How directories are created in Linux
When you create a file in Linux, several types of information gets linked to it internally – the user who created it, the permissions, time of creation, linkages. So, when you create a file or directory in Linux, an inode number is assigned to the directory data as stored in the disk and the directory name points to the inode number.
The copy command in Linux
The command cp, an abbreviation of ‘copy’, is used to copy files and directories in Linux.
The default syntax for cp is
>cp source destination
source is the source file or directory you want to copy
destination is the new place – file or directory – where you want to copy it to
Here is a simple example copying a file from one location to another
>cp myfile.txt newdir/.
This copies the file myfie.txt from the current directory to the newdir/ directory
These were some simple copy examples. Let’s now look at how to copy an entire directory.

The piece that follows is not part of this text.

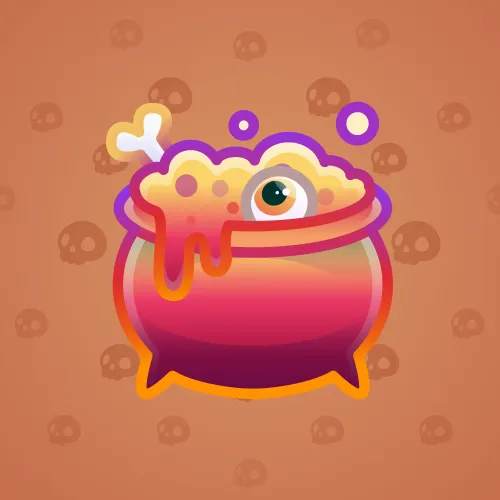 NFT Avatar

How to copy directories with the cp command
It’s actually pretty simple. Just specify your source and destination directories as arguments to the copy command!
> cp dir1/ dir2/
This copies everything from dir1/ into dir2/. Well, not quite everything. If dir1/ has any sub directories, or soft links, they are not copied over by default. Linux can’t quite guess your intentions. You have to specifically tell it if you want to copy over all subdirectories, hidden files, or links. The copy command has specific options to cover all of those, and much more. Let’s go through some of the important options.
In order to copy all the subdirectories of a parent directory, you need to give the ‘-r’ option. Note that options are not case sensitive. You can use ‘-r’ or ‘-R’ interchangeably. Here’s what it looks like:
> cp –r dir1/ dir2/
Now you need to be careful with this option. If your directory structure is quite nested, this may take a long time, or may get stuck in between – if there are broken files or subdirectories hidden a few layers below.

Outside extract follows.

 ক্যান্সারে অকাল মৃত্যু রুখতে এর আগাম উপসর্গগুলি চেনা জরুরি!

Note that if the destination directory, dir2/ already has files or subdirectories of the same name, your files or subdirectories will not be copied over.
Force a copy
You may run into situations where you want to force a copy, for example in the situation mentioned above, where the destination already has files with the same name. The Linux copy command gives you an easy way out. Here’s how:
> cp –rf dir1/ dir2/
Note the additional ‘f’ along with our ‘-r’ option. This tells Linux, to forcefully copy over files and subdirectories from the source directory.
Creating an archive
If you want to save your directory as an archive, you can use
> cp –a dir1/ dir2/
The – a option helps to preserve the structure and attributes of the original directory into the new directory.

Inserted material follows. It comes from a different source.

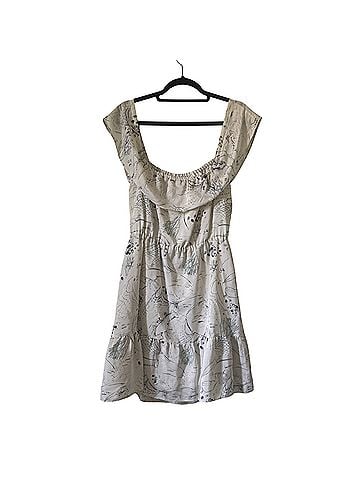 Club Monaco Casual Dress (view 1)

The cp command when not coping recursively follows the symbolic links. This is a default option and it can be overridden by specifying options like ‘-d’ which means “–no-dereference”.
To copy over symbolic links, you can use ‘-d’ or ‘- – no- dereference ‘ option. The cp command does not copy the files that the links point to but copies the symbolic links only. It also preserves the hard links between the source files in the copies also.
> cp –d dir1/ dir2/
Note that by default, copy does not let you copy a file over to itself ie the source and the destination have to be different.
Of course, this is just the tip of the iceberg. The copy command has many more options and we cannot cover them all here. If you need more details, just use the ‘man’ command and Linux will list out all the options, what they mean, and how to use them.
> man cp
We hope this tutorial gave you a fair idea of how to copy directories in Linux. As you can see, Linux copy gives you a much finer level of control than Windows drag and drop. With a very wide range of options to specify exactly what and how you want to do things, it’s no wonder Linux is widely liked in the technical community.